Hull and mooring design (2.9%). Having accounted for different metocean conditions, a significant difference in hull and mooring design results from the storm design criteria. Case A designed for survival at 10,000-year storm condition, whereas Case B designed for 1,000-year storm condition.

Weight impact on hull design (2.5%). The higher topsides weight of Case A resulted in an associated increase of the hull design steel requirements.

Accommodation (2.3%). The difference in accommodation weight and cost was roughly equally split between the higher estimated number of people on board in Case A, and differences in scope of building content, building standards, and interior finishes.

Observations

The results of this analytical work show that demonstrable relationships can be developed between individual design choices and field facilities TIC. The cumulative effect of many design choices creates significant differences in overall estimated TIC. The major benefit of identifying these differences is to highlight the importance of the relationship between various technical and commercial development requirements and TIC. Understanding these relationships assists the field developer in making the appropriate choices.

Specific learnings that should be considered during feasibility and concept stages for marginal deepwater developments are founded on a principle of "justify in" rather than "justify out" and include:

  • Minimize deviation from vendor standard equipment
  • Trade sparing of large and expensive equipment for capacity-based multiple smaller units to achieve design capacity
  • Assign inlet system design pressure to lowest piping class above end of plateau rate inlet pressure
  • Avoid adopting multiple layers of margins (e.g. for estimating MEG requirements)
  • Adopt minimal functionality of subsea architecture only
  • Critically assess any requirement to deviate from carbon steel for subsea hardware, flowlines, and risers.

Arrangements that reduce the cost of installation vessels should be considered early as these may impact project schedule.

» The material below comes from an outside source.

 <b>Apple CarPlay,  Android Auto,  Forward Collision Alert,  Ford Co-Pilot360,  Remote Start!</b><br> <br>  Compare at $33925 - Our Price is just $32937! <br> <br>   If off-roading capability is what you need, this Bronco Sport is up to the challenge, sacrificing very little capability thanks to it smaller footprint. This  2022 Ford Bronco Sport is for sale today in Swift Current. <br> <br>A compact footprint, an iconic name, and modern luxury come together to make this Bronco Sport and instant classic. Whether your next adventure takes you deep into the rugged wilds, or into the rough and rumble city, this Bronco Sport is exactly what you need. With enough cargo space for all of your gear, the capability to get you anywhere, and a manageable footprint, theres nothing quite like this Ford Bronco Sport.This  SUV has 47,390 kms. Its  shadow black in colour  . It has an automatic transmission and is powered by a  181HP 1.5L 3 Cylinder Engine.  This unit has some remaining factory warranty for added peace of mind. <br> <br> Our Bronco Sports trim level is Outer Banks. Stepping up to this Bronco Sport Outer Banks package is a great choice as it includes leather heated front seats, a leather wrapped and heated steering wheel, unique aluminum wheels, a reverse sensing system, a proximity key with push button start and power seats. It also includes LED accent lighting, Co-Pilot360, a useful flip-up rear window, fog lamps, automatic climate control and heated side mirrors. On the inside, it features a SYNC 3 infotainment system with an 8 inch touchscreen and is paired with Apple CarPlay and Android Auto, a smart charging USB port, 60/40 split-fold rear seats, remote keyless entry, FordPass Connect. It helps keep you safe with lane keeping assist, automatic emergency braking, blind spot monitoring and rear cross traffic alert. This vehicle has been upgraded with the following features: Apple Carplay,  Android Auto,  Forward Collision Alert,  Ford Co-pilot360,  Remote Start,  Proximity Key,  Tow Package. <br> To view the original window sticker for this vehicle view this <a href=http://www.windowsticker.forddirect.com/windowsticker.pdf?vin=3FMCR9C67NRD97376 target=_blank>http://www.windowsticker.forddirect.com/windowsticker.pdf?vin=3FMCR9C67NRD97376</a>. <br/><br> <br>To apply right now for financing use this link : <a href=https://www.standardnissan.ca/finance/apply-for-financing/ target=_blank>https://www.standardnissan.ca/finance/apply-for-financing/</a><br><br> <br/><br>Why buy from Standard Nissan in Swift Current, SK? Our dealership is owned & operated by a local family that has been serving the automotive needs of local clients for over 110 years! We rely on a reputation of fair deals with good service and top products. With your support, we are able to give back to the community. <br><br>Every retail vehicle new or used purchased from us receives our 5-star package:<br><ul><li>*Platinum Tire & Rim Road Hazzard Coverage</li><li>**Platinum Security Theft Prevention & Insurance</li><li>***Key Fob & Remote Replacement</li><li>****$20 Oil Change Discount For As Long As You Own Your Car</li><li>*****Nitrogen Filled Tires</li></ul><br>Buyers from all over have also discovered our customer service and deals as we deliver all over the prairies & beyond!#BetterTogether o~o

Application of these learnings should result in a development solution that sits somewhere between the two bookended approaches. Design choices suitable for the Gulf of Mexico are unlikely to suit off northwest Australia; however, some modifications in scope and quality will need to be made for projects to become economically viable.

References

Business Council of Australia. (2012). Pipeline or Pipe Dream? Securing Australia's Investment Future.

Deutsche Bank. (2011). Austraia Energy Sector: The Australian LNG Handbook.